__Your goal__
Reproduce from the records below, with no pictures, exactly the lines between the one containing "Vrouw in schort" and the one containing "Small Fine Line", inclusive.

++++++++++++++++++++

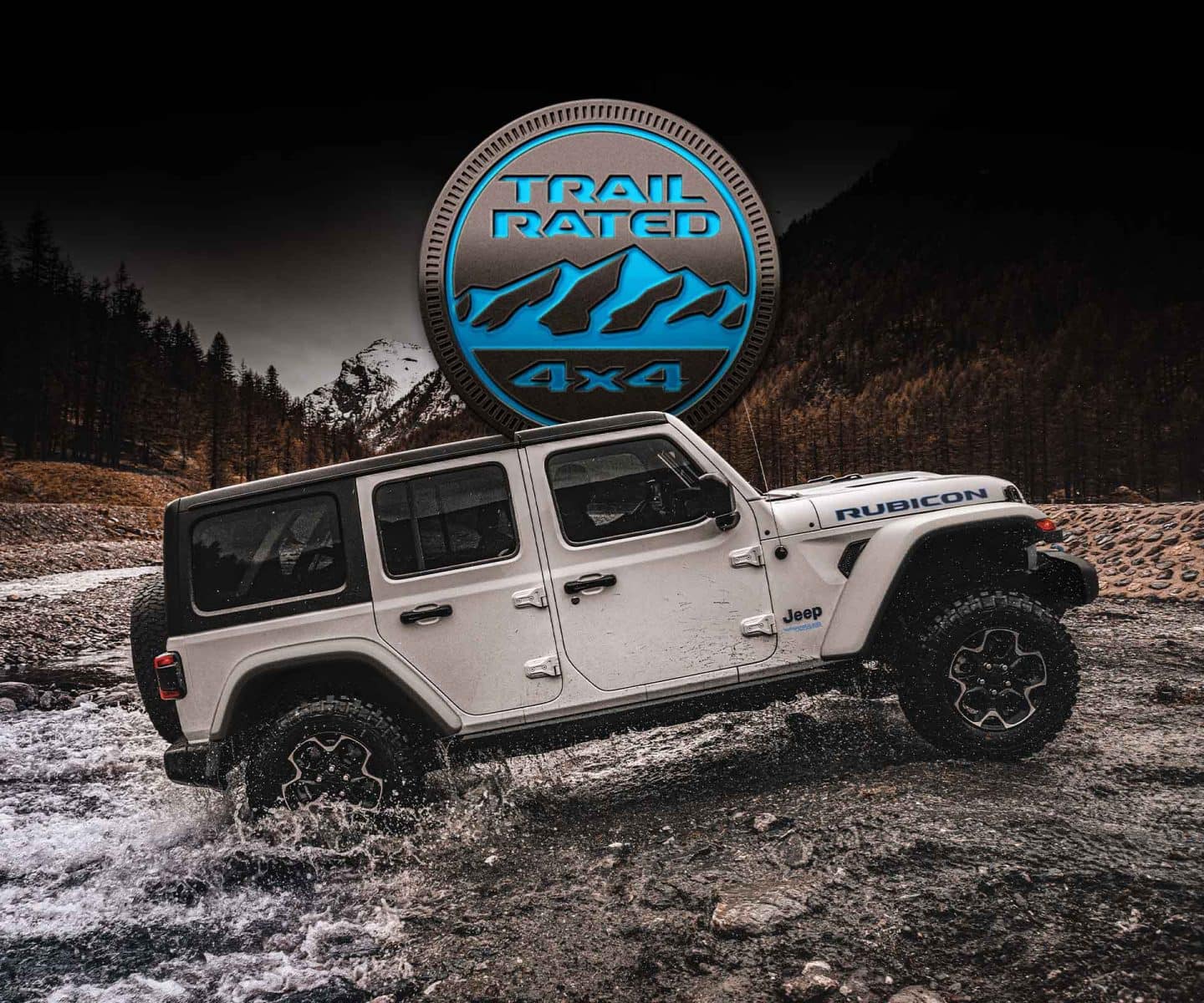 Trail Rated 4x4. The 2023 Jeep Wrangler Rubicon 4xe being driven out of a river and up the bank.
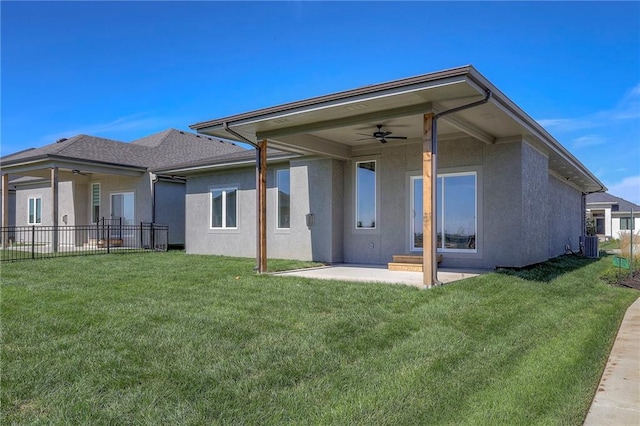 rear view of house featuring ceiling fan, a yard, and a patio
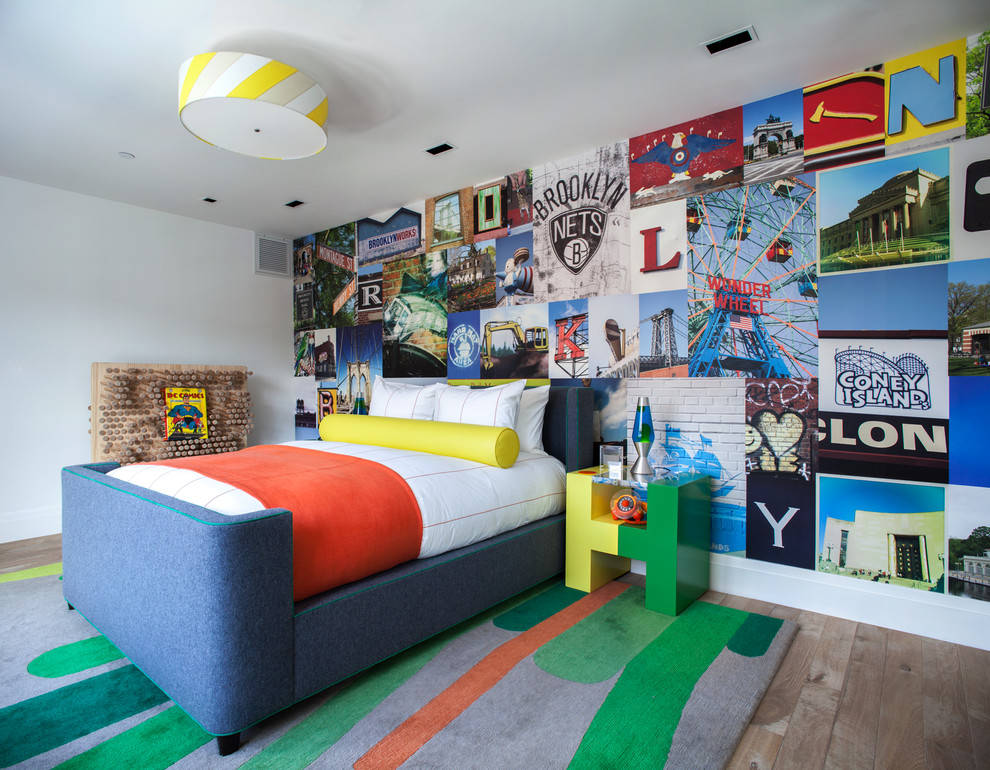 Design ideas for a transitional kids' bedroom for kids 4-10 years old and boys in New York with white walls and medium hardwood floors.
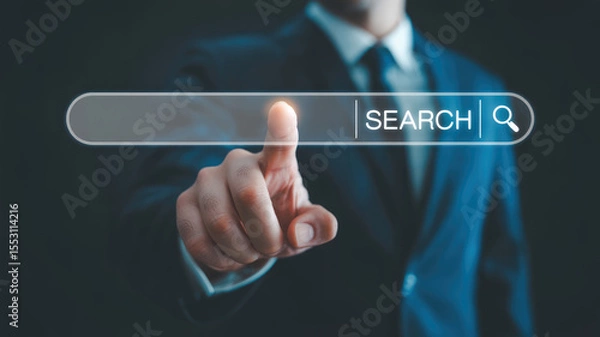Fototapeta A man in a suit is pointing to a search bar on a computer screen. Concept of professionalism and focus, as the man is likely working on a task that requires him to search for information
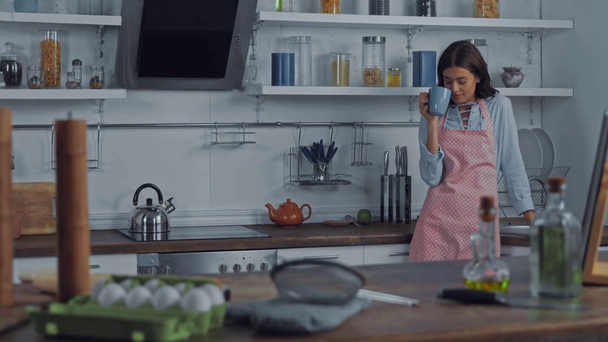 Vrouw in schort drinken koffie in de buurt van ingrediënten in de keuken  - Video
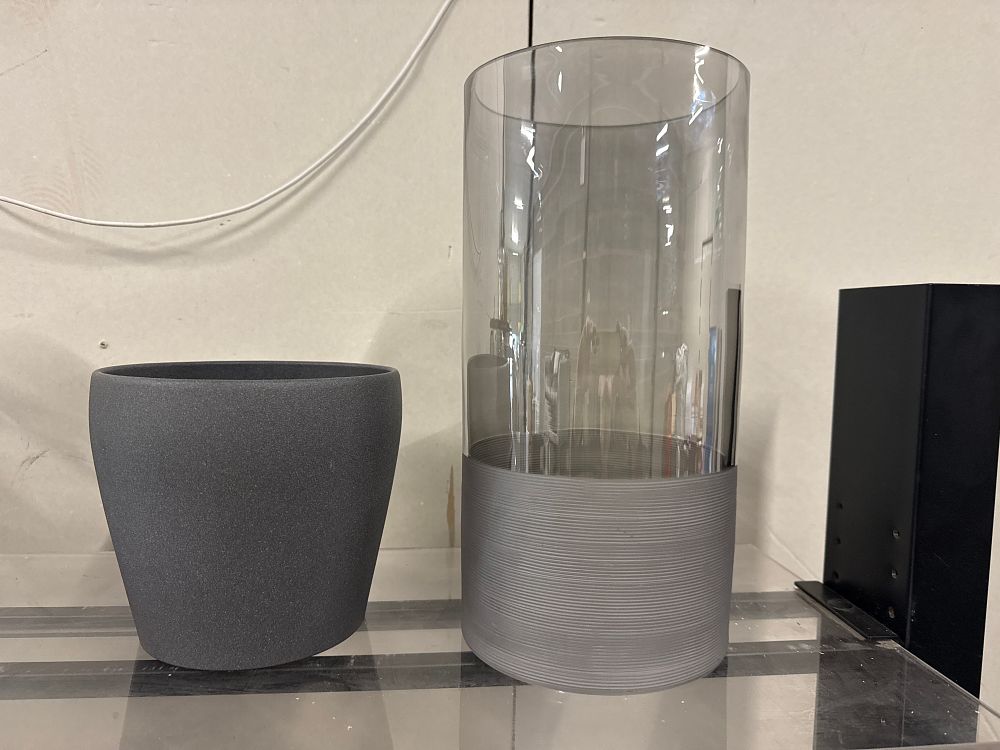 Lot 127: Charcoal grey textured planter and a smoked glass hurricane vase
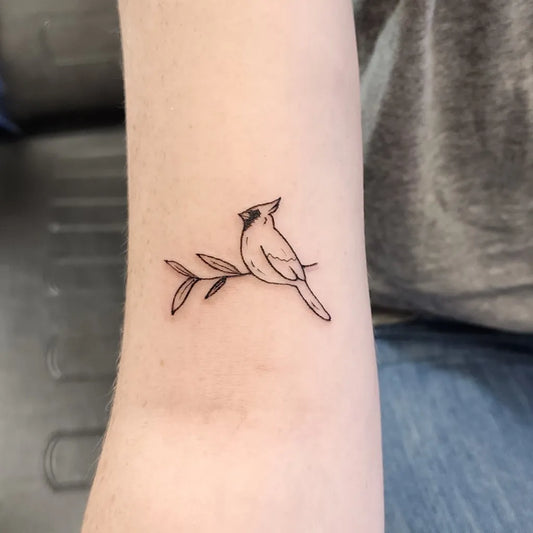 Small Fine Line Cardinal Bird on Branch Tattoo on Women Forearm by @isabellanemethtattoos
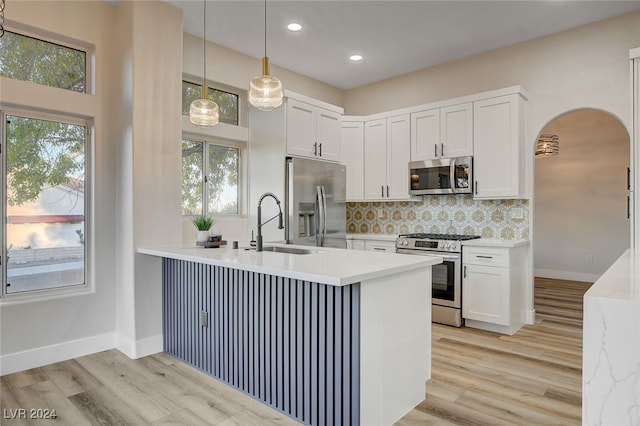 kitchen featuring white cabinets, a healthy amount of sunlight, kitchen peninsula, and appliances with stainless steel finishes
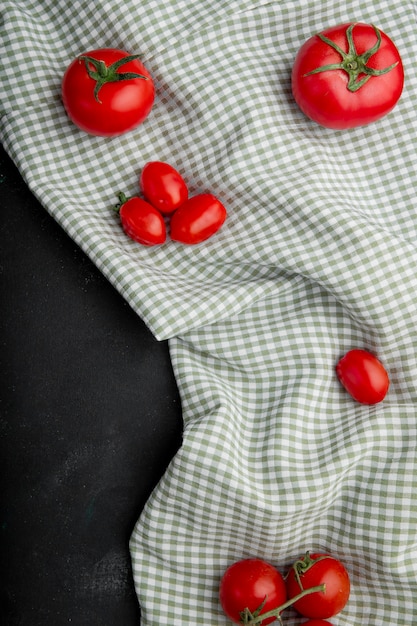 Odgórny widok świezi dojrzali czerwoni pomidory na szkockiej kraty tablecloth na czarnym tle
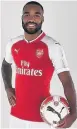  ??  ?? DREAM COME TRUE Lacazette in Arsenal kit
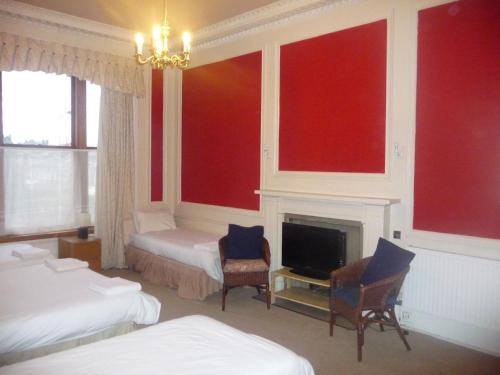 Habitación con 2 camas y chimenea con paredes rojas. en Minto House en Edimburgo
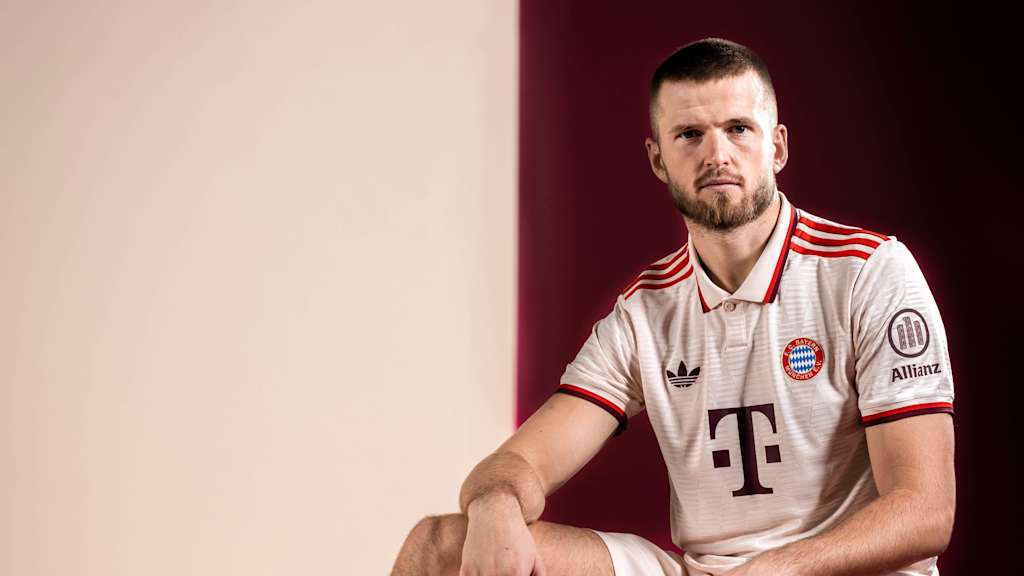 Eric Dier schaut im weißen Trikot in die Kamera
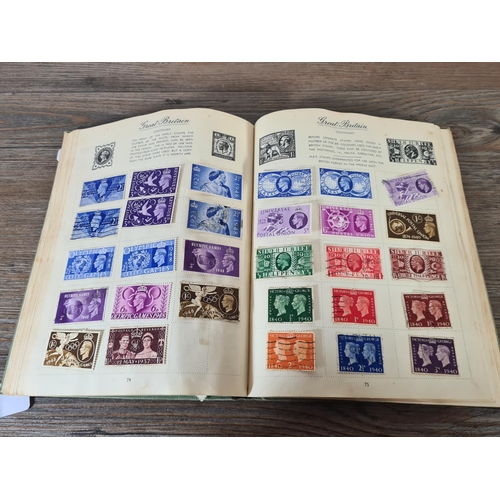 481 - A Royal Mail stamp album containing antique and vintage worldwide stamps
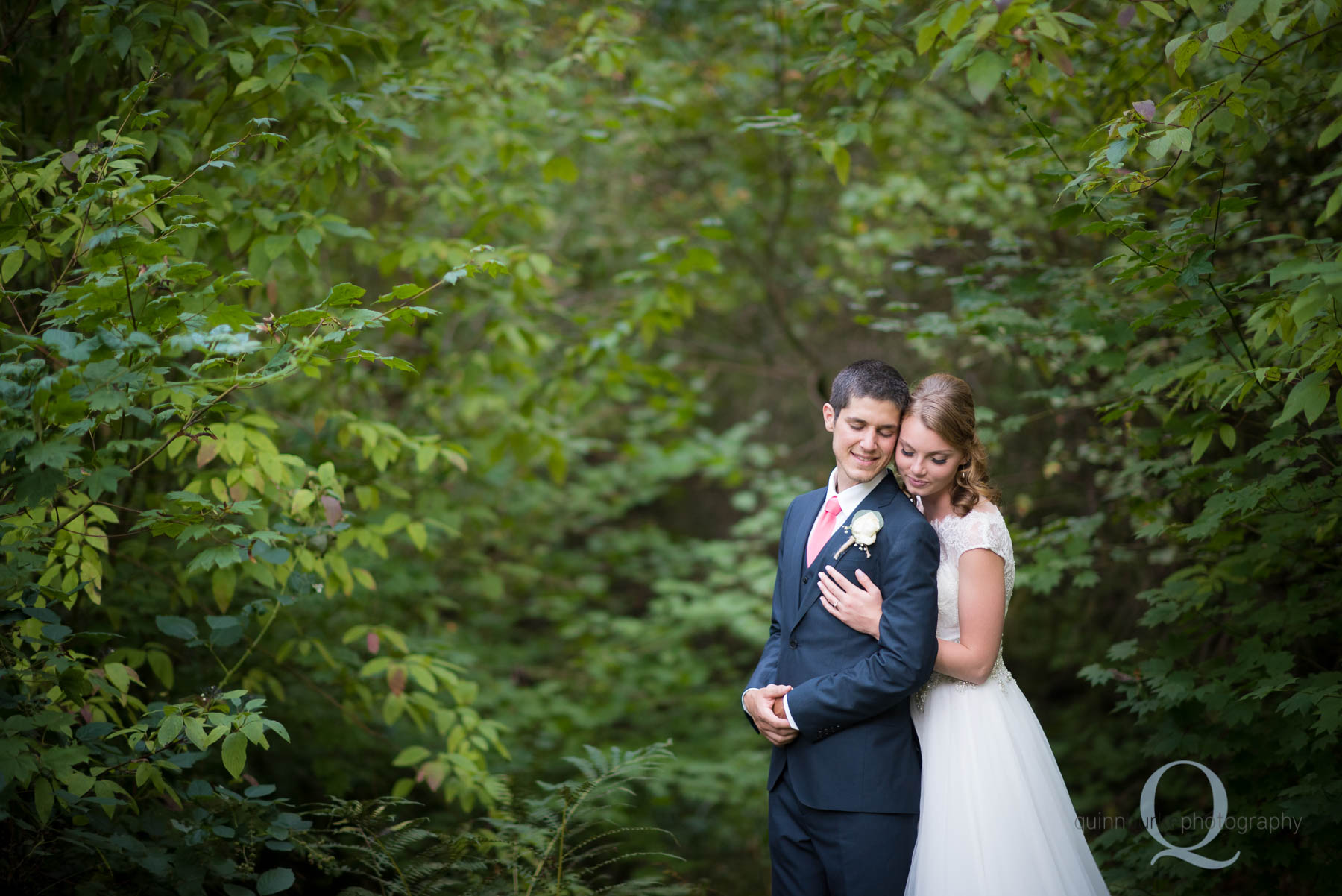 bride and groom in the trees at rons pond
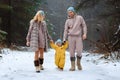 Happy family Dad, mom and baby sy on a winter walk in the forest. Concept for christmas, family, relatives, vacations, fresh air Royalty Free Stock Photo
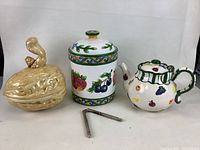 Photo showing walnut-shaped ceramic cookie jar with squirrel handle, colorful ceramic canister with fruit designs, ceramic teapot with green handle and fruit decoration, and metal nutcracker.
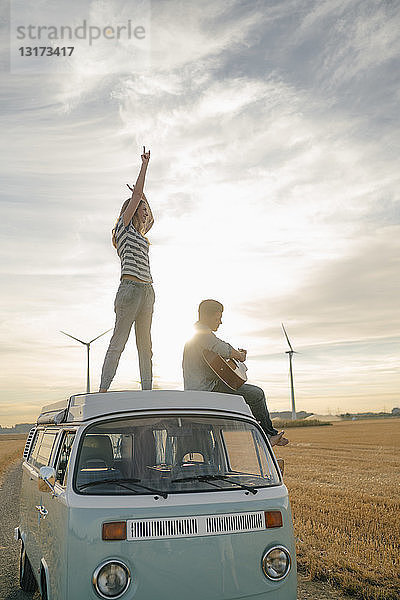 Glückliches Paar mit Gitarre auf dem Dach eines Wohnmobils in ländlicher Landschaft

++++++++++++++++++++

__Answer space__
 Vrouw in schort drinken koffie in de buurt van ingrediënten in de keuken  - Video
 Lot 127: Charcoal grey textured planter and a smoked glass hurricane vase
 Small Fine Line Cardinal Bird on Branch Tattoo on Women Forearm by @isabellanemethtattoos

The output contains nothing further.